By 10:52 GMT, the effects on MacStadium customers had grown, and the NOC escalated the incident to the Incident Manager and Engineering Team, who immediately began an analysis of the situation based on information from monitoring alerts and customers. The team attempted to contact CenturyLink but were still unable to get through by 11:36 GMT due to overwhelming demand on CenturyLink support.

By 12:18 the Engineering Team shut down the CenturyLink links to temporarily bypass all CenturyLink issues at the level of MacStadium’s network. MacStadium network traffic returned to normal, but traffic was still affected by intermediate carrier dependencies on CenturyLink across the globe.

At approximately 14:00 GMT, CenturyLink found a Flowspec announcement for managing routing rules that was problematic in that it was preventing Border Gateway Protocol (BGP) from establishing as intended. The original source of this was determined to be the unintentional introduction of wildcards into an attempt to block a single IP.

At 14:14 GMT, CenturyLink deployed a global configuration change to block the problematic Flowspec announcement. The command began propagating across devices and the problematic protocol was successfully removed. This allowed BGP to correctly establish again. By 15:10 GMT, all alarms had cleared and service returned to nominal.

After an observation and monitoring period, MacStadium restored CenturyLink links at 4:55 GMT on August 31, 2020.
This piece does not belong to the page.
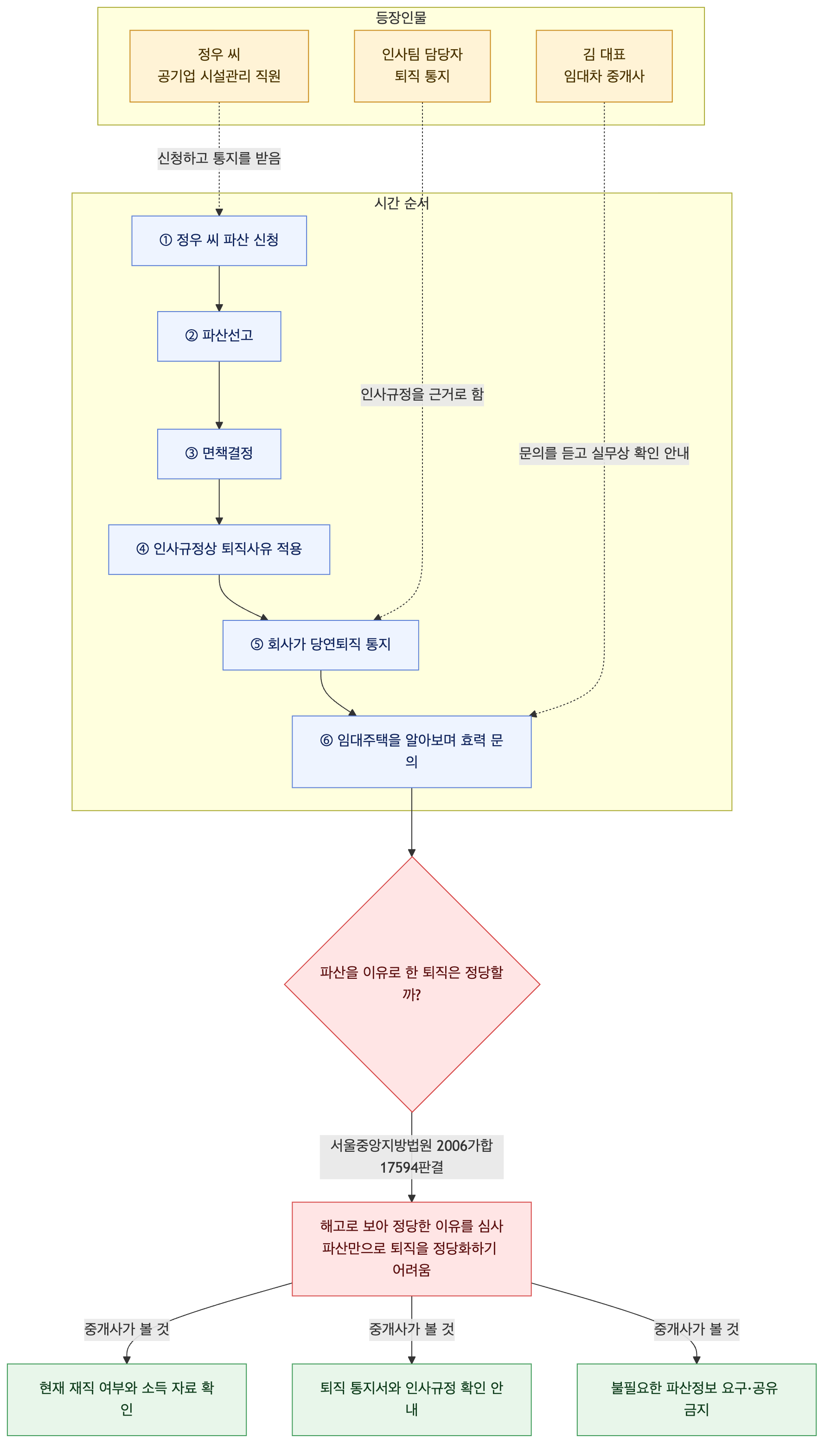 사건 구조도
Posted Sep 08, 2020 - 01:16 UTC

Resolved
We have detected no further issues related to this incident. CenturyLink/Level 3 confirms full restoration of services, and our monitoring will continue as usual.
Posted Aug 31, 2020 - 20:07 UTC
Monitoring
CenturyLink/Level 3 has recovered. MacStadium has re-introduced CenturyLink Internet routing for Atlanta, Las Vegas, and Dublin alongside our other transit carrier partners. Network traffic remains nominal, but the Network Team will continue monitoring for possible anomalies.
Posted Aug 31, 2020 - 13:09 UTC
Identified
CenturyLink/Level 3 is experiencing a widespread outage internationally. MacStadium has rerouted traffic to other providers, and all traffic is restored. Customers might still see problems at a global scale due to CenturyLink's outage. We are working with this provider now to identify an estimated time to restoration.
Posted Aug 30, 2020 - 11:45 UTC
Investigating
CenturyLink/Level 3 Communications is experiencing a widespread network outage affecting some customers. We are now rerouting traffic from those affected links.
Posted Aug 30, 2020 - 11:29 UTC
This incident affected: Atlanta Data Center, Dublin Data Center, and Las Vegas Data Center.